But this week, with Elsevier facing intense scrutiny over the resignation of all the editors and editorial board members of the journal Lingua, the company answered back with some specifics. But the answer -- and especially the claim that Elsevier founded the journal -- appears to have only intensified the criticism. While Elsevier has faced protest resignations in the past, this one has people talking, including people in the corporate world, not just the academic world. Fortune wrote of a "mutiny" as evidence that "cracks are widening in the fortress of academic publishing."

The editors of Lingua, one of the leading journals in linguistics, had asked Elsevier to turn over control of the journal to a collective of editors and to operate the journal under the principles of open access. In the response detailing why it would not do so, Elsevier gave this as one reason: "Elsevier cannot agree to this as we have invested considerable amount of time, money and other resources into making it a respected journal in its field. We founded Lingua 66 years ago."

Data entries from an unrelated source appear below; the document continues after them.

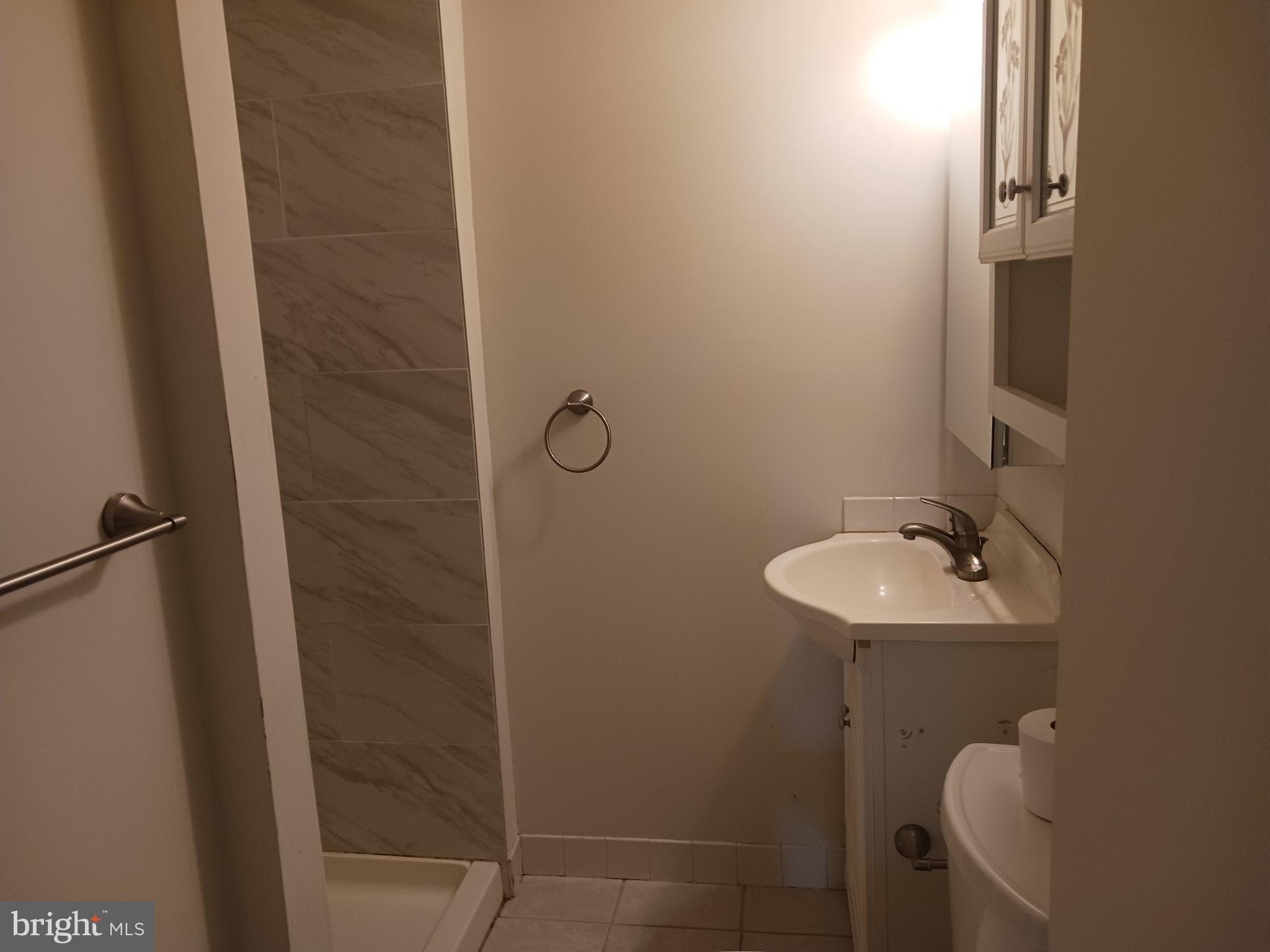 58 Darby Road, Unit 1 Paoli, PA 19301 - Photo 8 of 16 a bathroom with a sink and mirror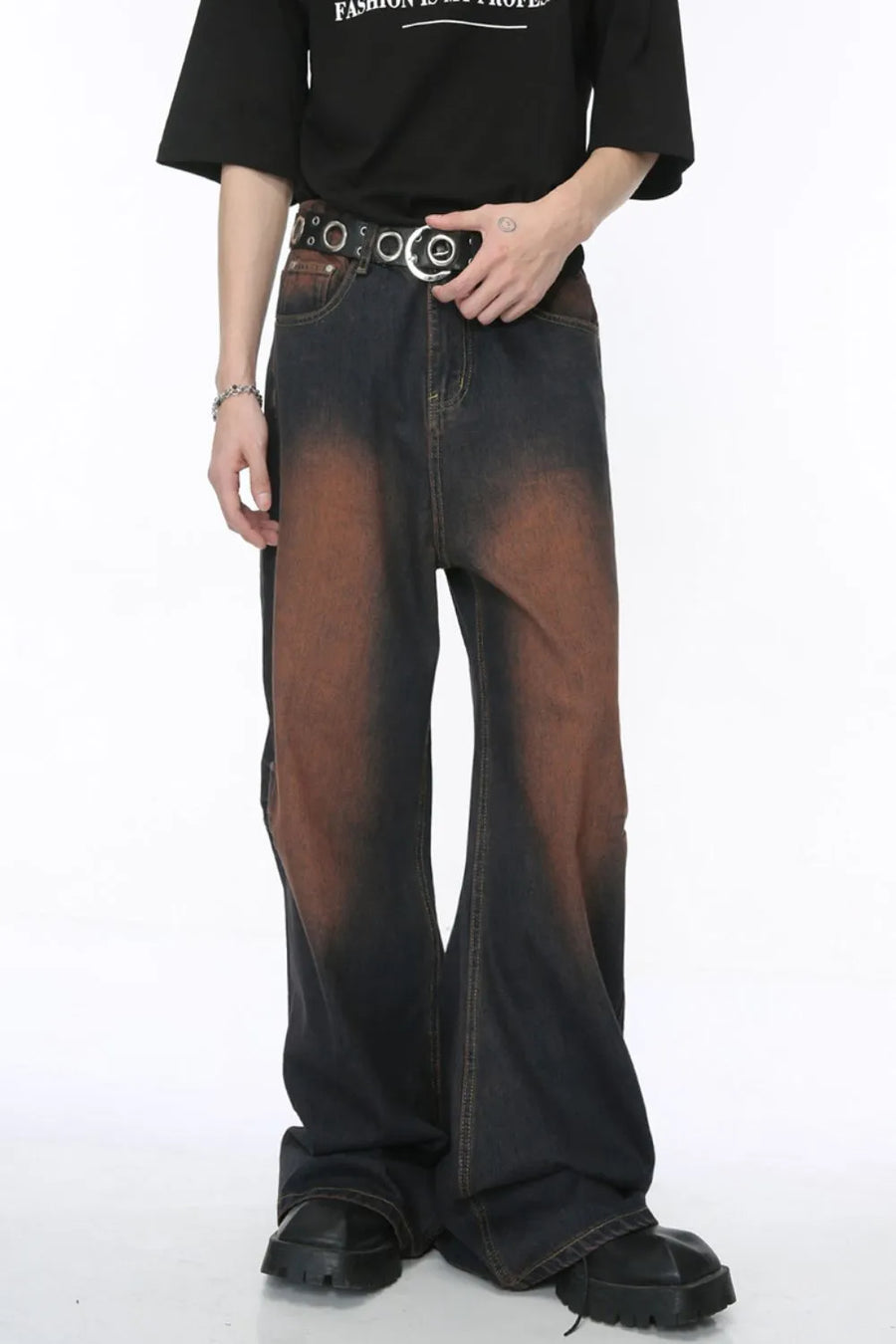 Acid wash flare jeans in dark denim with a gradient brown pattern and silver stud detailing.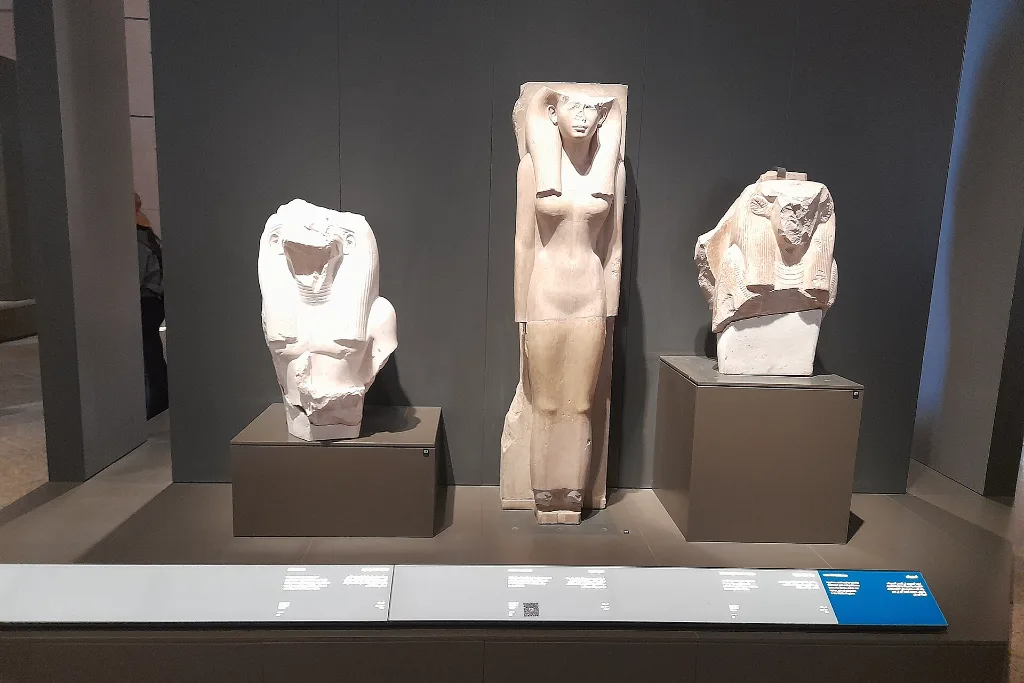 Royal statues in a Grand Egyptian Museum gallery case, part of a short All Saints' Day holiday in Egypt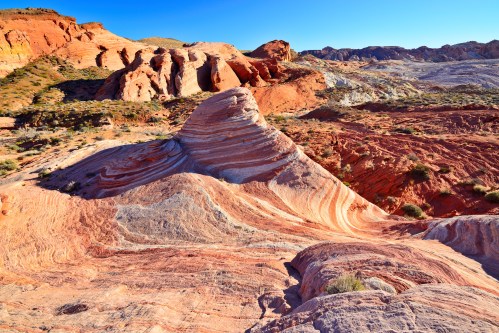 Colorful, layered rock formations in a desert landscape under a clear blue sky.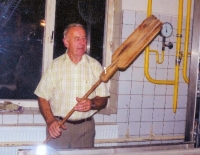 Arnošt Obrusník with a baker's shovel in the bakery in Dolní Benešov when another oven was added in 1999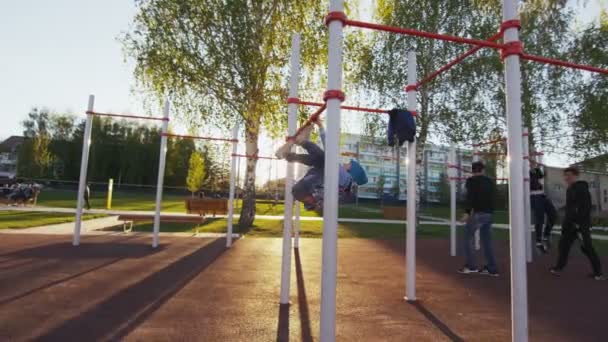 Chlapci a chlapi cvičit na hrazdě na městské sportoviště — Stock video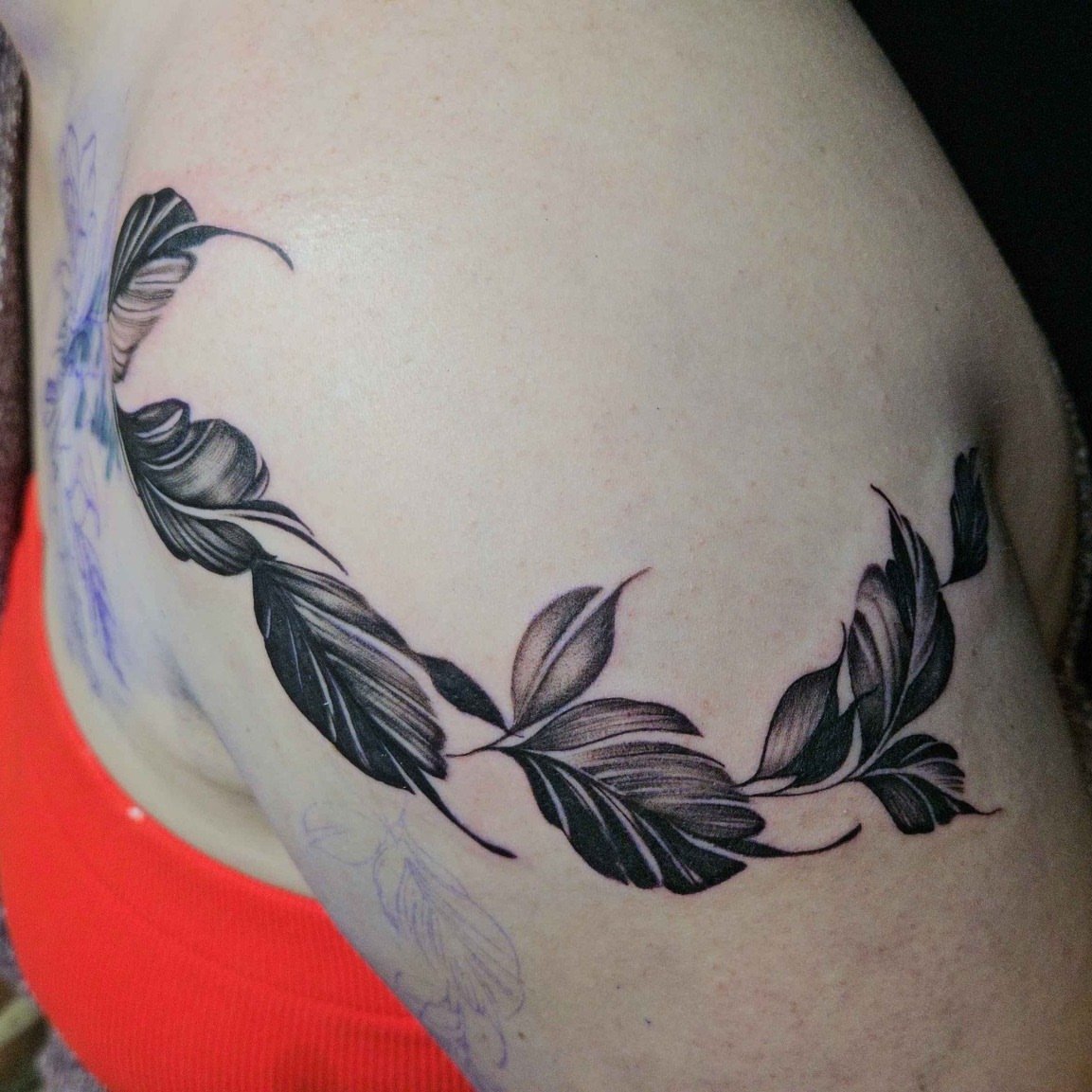 Feather wreath black and grey tattoo on the shoulder by Iram Withencroft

To Elsevier's critics, that answer distorted history.

In a widely circulated email, Johan Rooryck, executive editor of the journal and professor of French linguistics at Leiden University, in the Netherlands, said the claim was false. "Lingua was founded in 1949 by Albert Willem de Groot (1892-1963) and Anton Reichling (1898-1986), two Dutch structuralist linguists. It was originally published by North Holland, a Dutch publishing house, that was purchased by Elsevier …. Elsevier didn't build that." (The purchase was in the 1980s.)

In an email to Inside Higher Ed, Rooryck supplied pages from Lingua, prior to the Elsevier purchase, that noted North Holland as the publisher.

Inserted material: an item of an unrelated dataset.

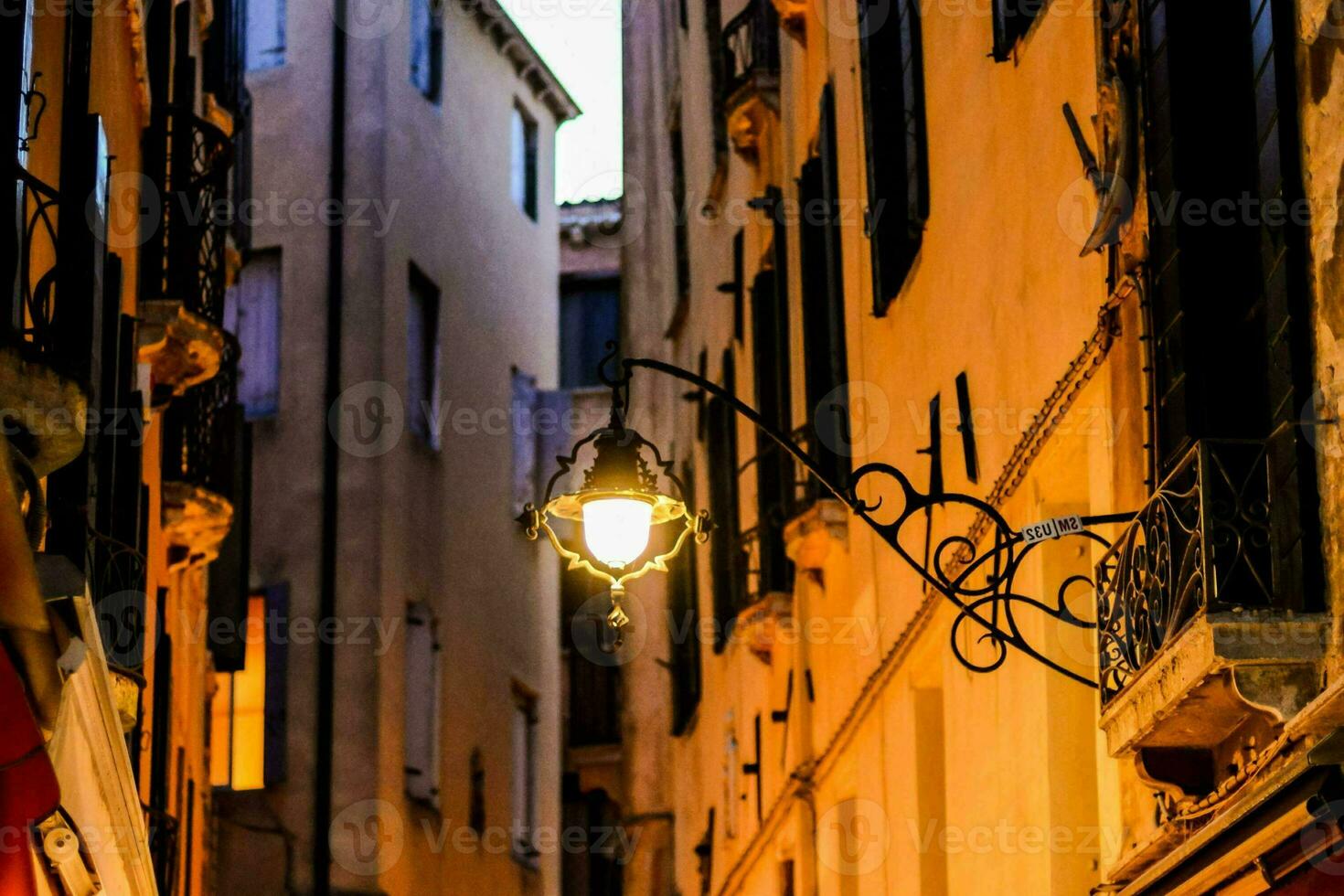 a street lamp in front of a few buildings photo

Others took issue with the Elsevier statement that it could not afford to charge low-cost fees to authors who wanted to publish in Lingua and also make their work available free online. (Elsevier does allow such publication for fees many consider high.) Elsevier said the prices desired by open-access advocates were impossible to meet. But Martin Paul Eve, senior lecturer in literature, technology and publishing at the University of London, published a critique of that statement, arguing that plenty of journals charge lower fees.

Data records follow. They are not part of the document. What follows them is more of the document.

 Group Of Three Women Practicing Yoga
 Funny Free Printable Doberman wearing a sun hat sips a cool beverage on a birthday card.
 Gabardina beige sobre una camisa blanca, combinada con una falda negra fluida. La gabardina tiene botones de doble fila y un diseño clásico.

"What is 'sustainable' for Elsevier is unsustainable for universities," Eve wrote.

Midday Thursday, Elsevier published a response (in comments to the original post) to the criticisms and said this on the question of whether it founded Lingua.

"This seems nuanced as well, it may come down to what one thinks 'we' means," the statement said. "When we acquire a publishing company, we embrace and adopt its history. To us, North Holland is Elsevier. Its staff became Elsevier employees. In any case, in talking about our long engagement with Lingua, or any other journal, we fully understand and recognize the invaluable contribution of generations of scholars whom we support and whose work we aim to facilitate and enhance both financially and logistically."

Rooryck said in an interview that the fight over who founded the journal reinforces his views on the importance of scholars insisting on new publishing models. He said "legally," Elsevier did buy North Holland, but "intellectually" it was wrong to claim that Elsevier created the journal, just as it's wrong for the company to have so much control over how knowledge is distributed.

"They cannot claim that they have founded the journal at all," he said. "The idea was entirely that of the two linguists …. The larger issue here of course is that they seem to claim intellectual ownership of achievements that they facilitated at best."